The provincial People’s Committee also asked district authorities to create mudflats along the 4-km seashore to reduce the impacts of high waves, worth VNĐ120 billion (US$5.2 million).
Landslides had reduced the area of mangrove forest in Kim Quy B Village from more 40,000sq.m to 4,000sq.m. — VNA/VNS Photo Le Sen
The provincial committee said it sent a report to the National Steering Committee on Natural Disasters Prevention and Control to ask for financial support to deal with the situation.
Huynh Dang Khoa, deputy director of Project Management Division under the agricultural department said the province was finishing procedures to soon implement a project of Mekong Delta Integrated Climate Resilience and Sustainable Livelihoods in 2018.
The project, worth VNĐ736 billion ($32.3 million), would build infrastructure, prevent seashore erosion and support people in aqua farming in two districts of An Bien and An Minh.
What occurred in Kien Giang province is not the first landslide incident that took place in this year.
Earlier in April, fourteen houses and two house floors in My Hoi Dong Commune, Cho Moi District of Mekong Delta Province of An Giang fell into the Hau River due to a landslide, panicking local residents.
A road connecting My Hoi Dong Commune and Nhon My Commune was also damaged and isolated.
The riverbank erosion mostly occurs in rainy season, but more landslide cases have occurred in dry season in recent years. These include those that occurred in An Giang province on April 22.
Tran Thanh Toan, head of the Hau Giang provincial Irrigation Sub-department, commented that the continued landslides in dry season shows that everything does not always go according to natural law.
Six riverbank landslide cases have occurred in Hau Giang province since the beginning of the year and thousands of square meters of land have disappeared, according to Toan.
According to Nguyen Huu Thien, an independent researcher, said the landslides in Mekong Delta are getting more serious.
In coastal areas, five square kilometers of land area are lost every year, while there is no official figure about the riverbank erosion.

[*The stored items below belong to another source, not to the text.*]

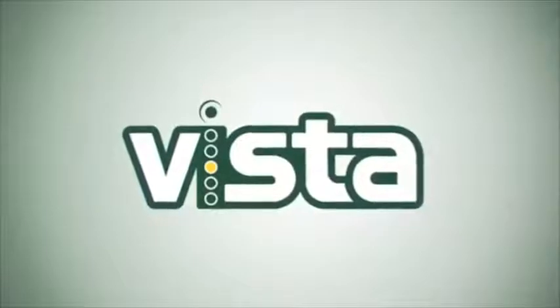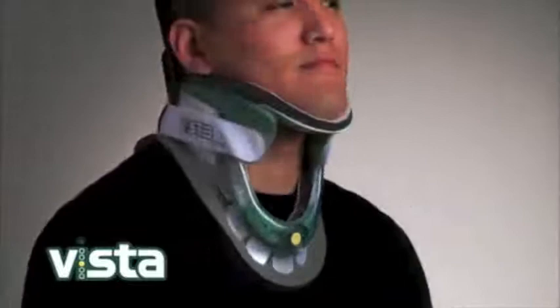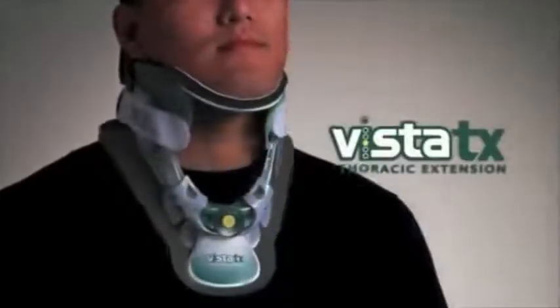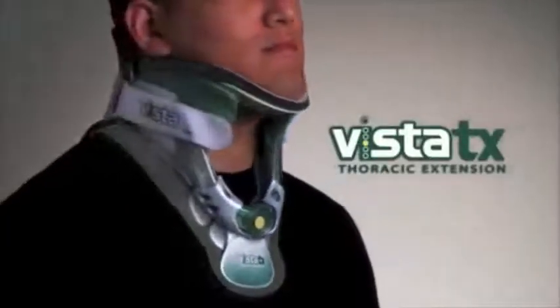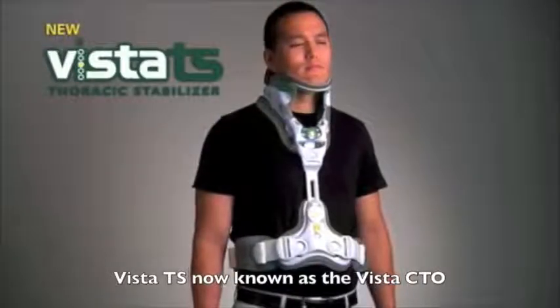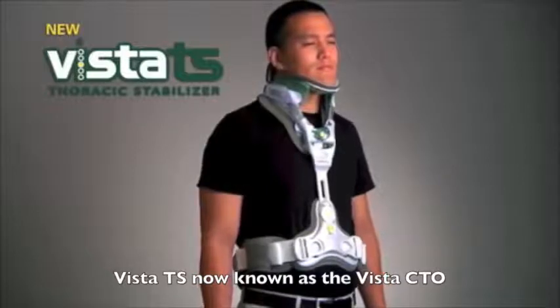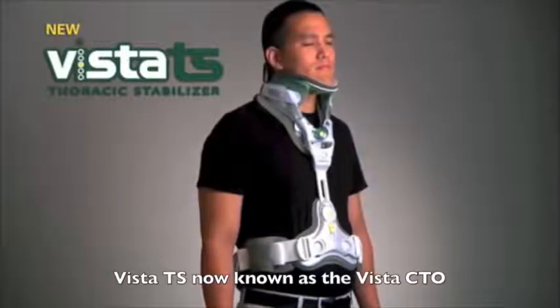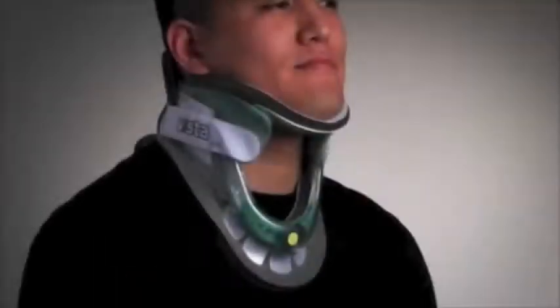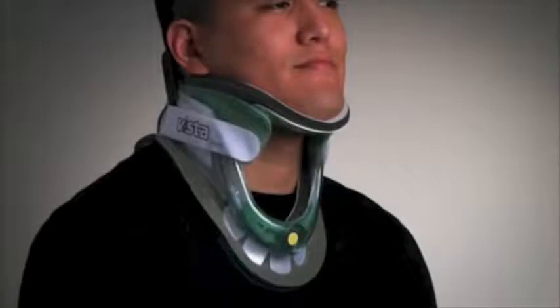The Vista line by Aspen Medical Products includes the Vista Collar, the Vista Thoracic Extension, and the Vista Thoracic Stabilizer. Only one size is needed. The Vista line is fully adjustable to fit the vast majority of patient anatomies, providing safe and effective motion restriction for all patients in need of an extended wear product.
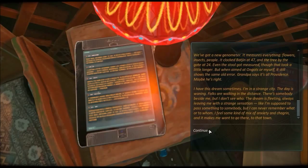We got a new genometer - it measures everything: flowers, insects, people. It clocks watching at 47 and the tree by the gate at 24. But even the stool got measured, though that took a little longer. But when aimed at Angus or myself it still shows some old error. Grandpa says it's all providence - maybe he's right. I have this dream sometimes: I'm in a strange city, the day is waning, folks are walking in the distance. There's somebody beside me but I don't see who. The dream is fleeting, always leaving me with a strange sensation - like I'm supposed to pass something to somebody, but I can never remember what or to whom. I feel a mix of anxiety and chagrin, and it makes me want to go there, to that town.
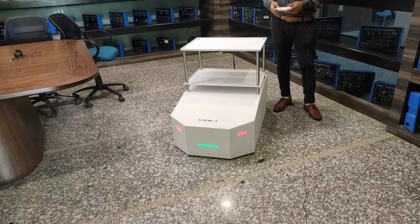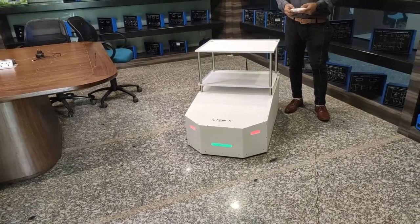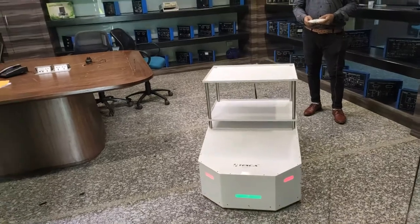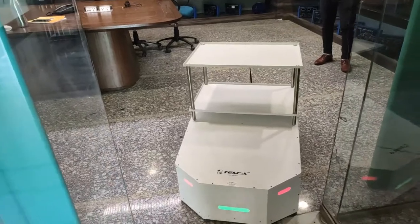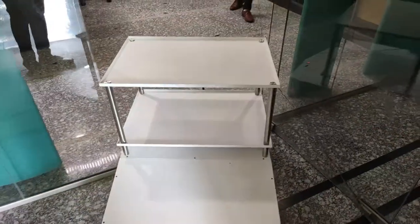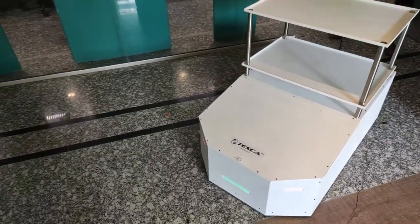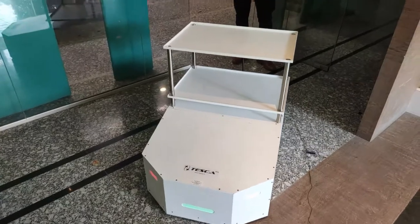Now we will run this cart and demonstrate how it serves patients by delivering all required items. By moving this remote control, one can easily control the cart, and it can be operated at a suitable distance.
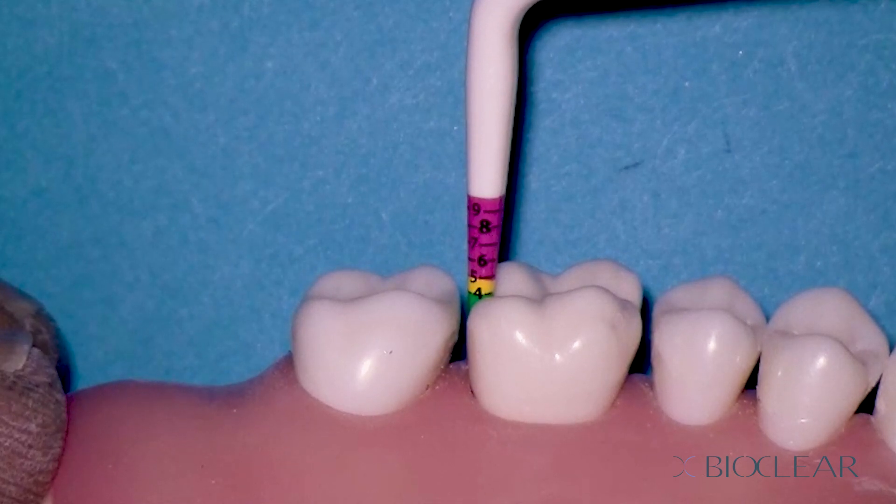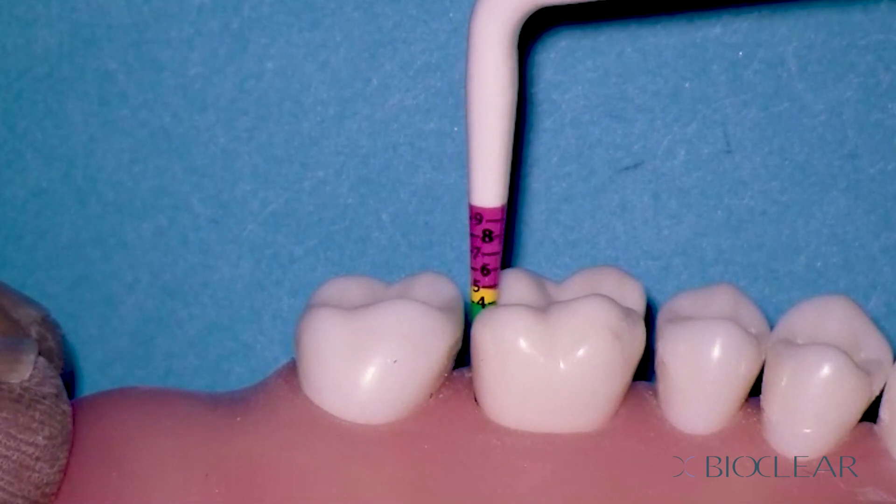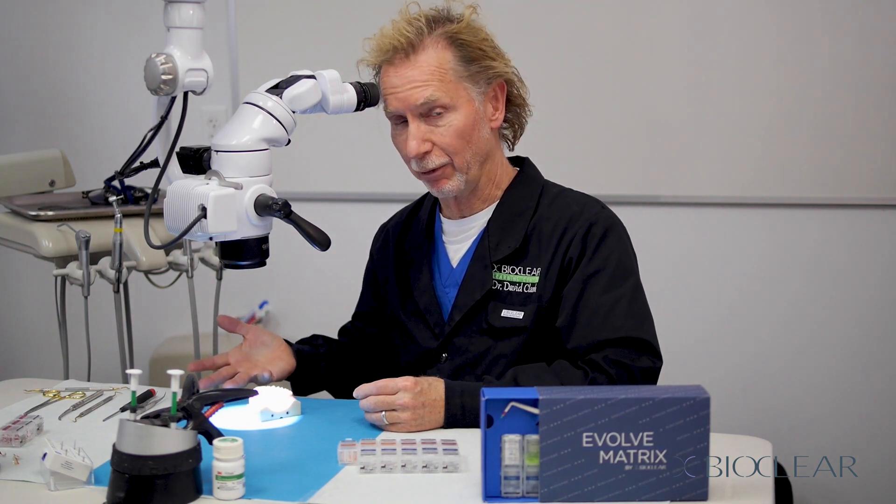To select the height of the matrix, once you've measured the cavity preparation, look at your references. We want the matrix to go past the edge of the prep by at least a millimeter or two to get a great seal. In a young patient, it's going to be four plus one — so if the cavity is four millimeters deep, we add one millimeter and pick a five millimeter matrix. For most adult patients, it's four plus two equals six. So if this is an adult patient and the cavity prep measures four, we grab a six millimeter matrix.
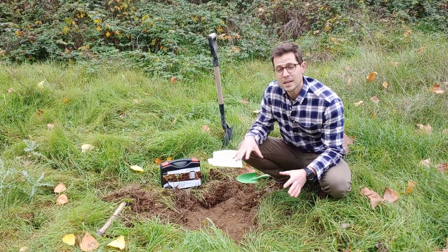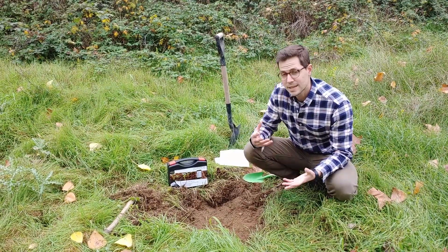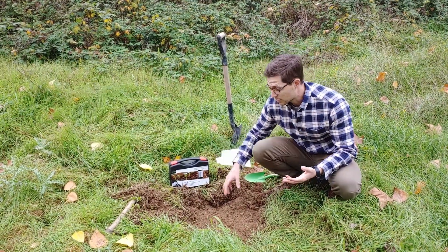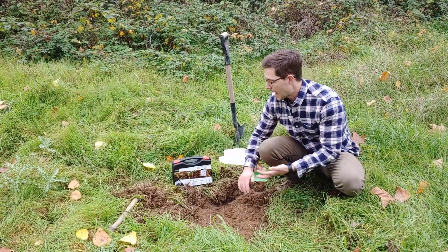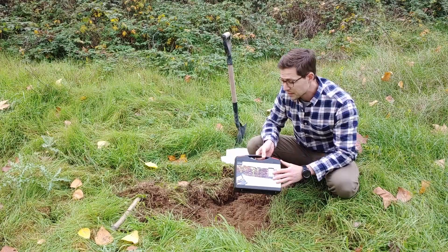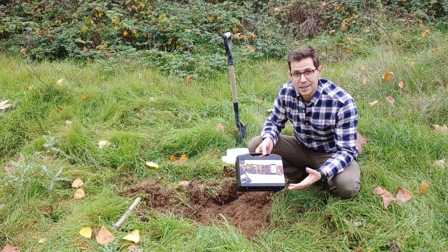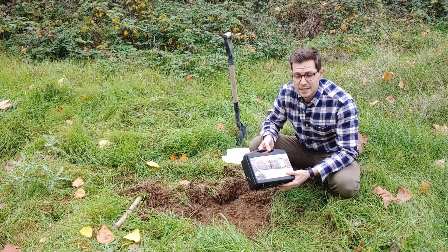We're here on a piece of land that I'm taking a look at for the possibility of being a market garden in the future. I want to test it first to see how good the bacterial activity is and the quality of this soil. I'm trying out a new product here, the Microbiometer, which is specifically to test the microbial activity and the quantity that's in the topsoil of a parcel of land that you're testing.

“When riverbank erosion takes place on a large scale, this must not be attributed to the changes of the current, navigation or houses built next to the riverbank. This shows an imbalance in the whole system,” Thien said, adding that it is necessary to conduct surveys to discover the basic causes and search for solutions.
Meanwhile, some environmental experts believe that overexploitation of underground water has led to land subsidence and cracks which later enlarge to become holes, affected by tides.
Experts also believe that the massive sand exploitation on rivers is a cause.
In recent years, the riverbank erosion and coastal landslides have been taking away 500 hectares of land in the Mekong Delta every year, according to a report of the Ministry of Agriculture and Rural Development (MARD).
Landslides have occurred at 265 spots with the total length of up to 450 kilometers in the delta.
According to international studies, in the last 15 years, Tien and Hau Rivers have lost 200 million tons of sand, lowering the river bed by 1.3 meters. There are very deep holes in some places.
Scientists say sand exploitation will not only have impacts on the spot, but its impact may reach hundreds of kilometers on the entire river system. The exploitation will create deep holes and limit sand drifting from the upper course.